Allah, kullarının tevbe etmesini çok sever. Tevbeleri çokça da kabul ettiği gibi kullarını tevbelere sevk eden, tevbeye giden yolları açan, onlara çeşitli zorluklar yaşatarak hatalarını fark etmelerini sağlayarak onları tevbeye davet eden de O’dur. Bu açıdan bakıldığında hayatta aldığımız yanlış kararlar sonucunda başımıza gelen aksilikleri de tevbe giden bir yol, şerden çıkan bir hayır olarak görebiliriz.
Tevvâb olan Allah, tevbe edilecek zamanı mekanı ve imkanı yaratarak kullarını tevbeye davet eder; tevbeye gelen kulun tevbesini severek kabul eder. Allah, kullarının özüne dönmelerini ve asıllarından sapmayarak hak üzerinde kalmalarını ister. Kul da bu hakikate ve şerefe erebilmek için Allah’a giden yolun yine Allah’tan geçtiğini bilmeli ve O’nun hoşnut olmayacağı şeyleri yaptıktan sonra da yine O’na sığınarak O’nunla beraber olmalıdır; kul her şeysiz yapar ancak Allah’sız yapamaz.

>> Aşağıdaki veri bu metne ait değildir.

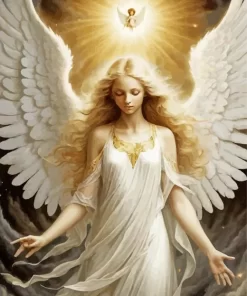 Blonde Angel 5D Diamond Painting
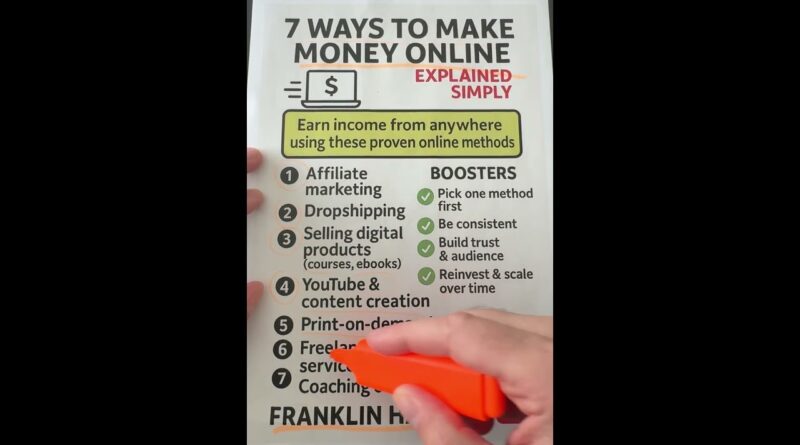 7 Ways To Make Money Online In 2025!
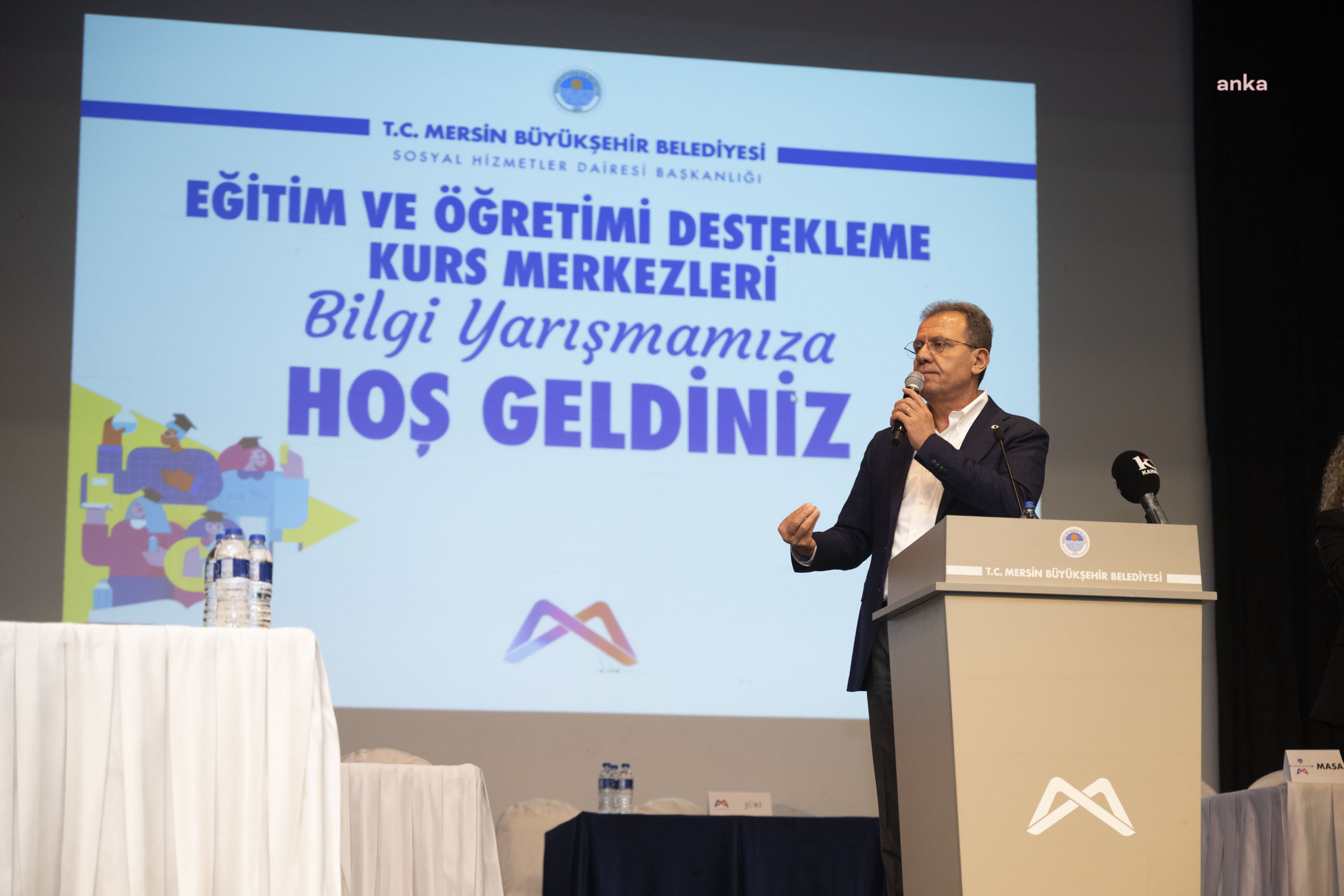 MERSİN BÜYÜKŞEHİR BELEDİYE BAŞKANI SEÇER, ÖĞRENCİLERİN YARIŞMA HEYECANINA ORTAK OLDU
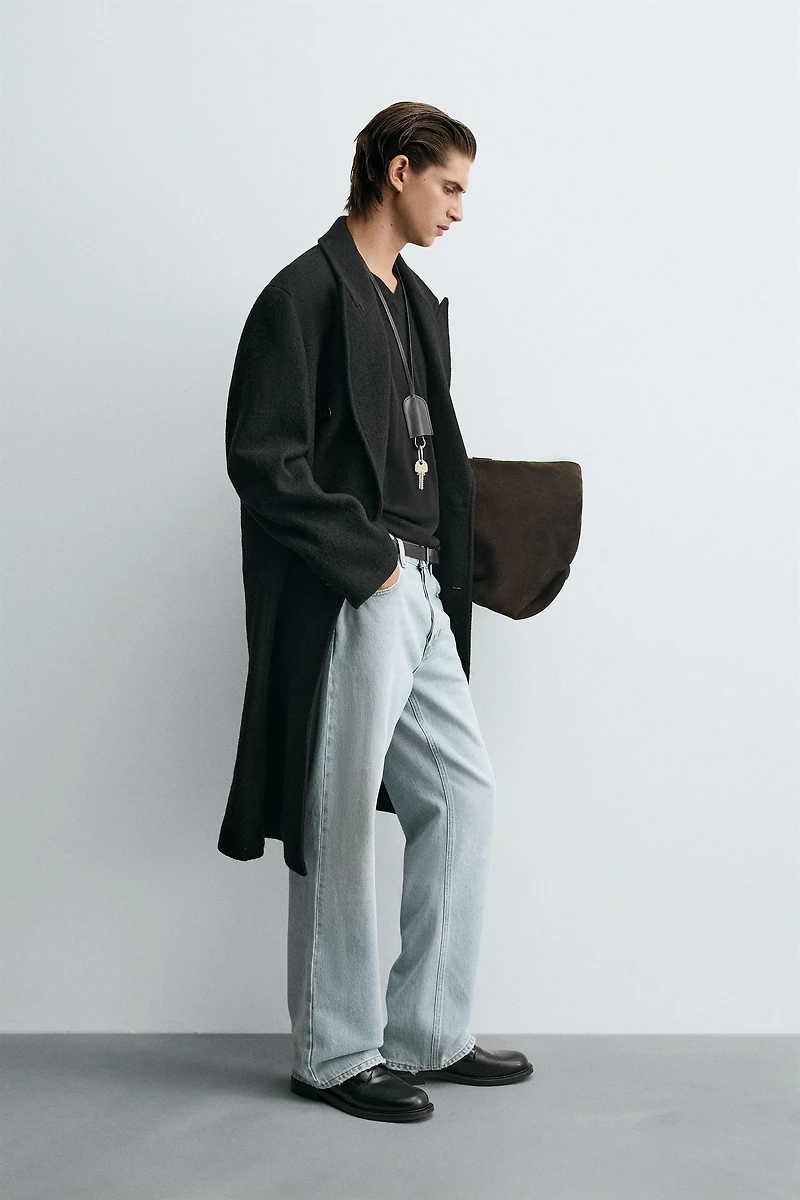 WOOL COAT BOUCLÉ TEXTURE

Et-Tevvâb olan Allah her hatadan sonra bile kendisine dönme imkanını kullarına vererek kullarının Kendisinden mahrum olmamasını sağlar.
Kulun Et-Tevvâb isminden nasibi şudur: Yaptığı günahların büyüklüğüne rağmen ümitsizliğe kapılmayarak Allah’ın tevbe eden kulu da tevbe edilmesini de çok sevdiğini hatırlayarak tevbe etmek. Çünkü şeytan kula günahını bazen büyük gösterir ki kul affedilmeyeceğini düşünüp tevbeye varmasın. Halbuki Allah hem Tevvâb’dır hem de Kâdir’dir; günahlardan tevbeleri çokça kabul edecek kudrete ve azamete sahiptir. Tam tersine kul bir de günahı küçük görerek de tevbe etmeyebilir. Bu da şeytanın bir vesvesedir. Halbuki her küçük günah da kula yakışmayacak olan, fıtratına uymayacak olan şeydir. Bu küçük günahlardan da Et-Tevvâb olan Allah’a sığınarak O’nun hak dediğine dönmek gerekir.
"Kim haksız davranışından sonra tevbe eder ve durumunu düzeltirse şüphesiz Allah onun tevbesini kabul eder. Allah çok bağışlayan, çok esirgeyendir." (Maide 39)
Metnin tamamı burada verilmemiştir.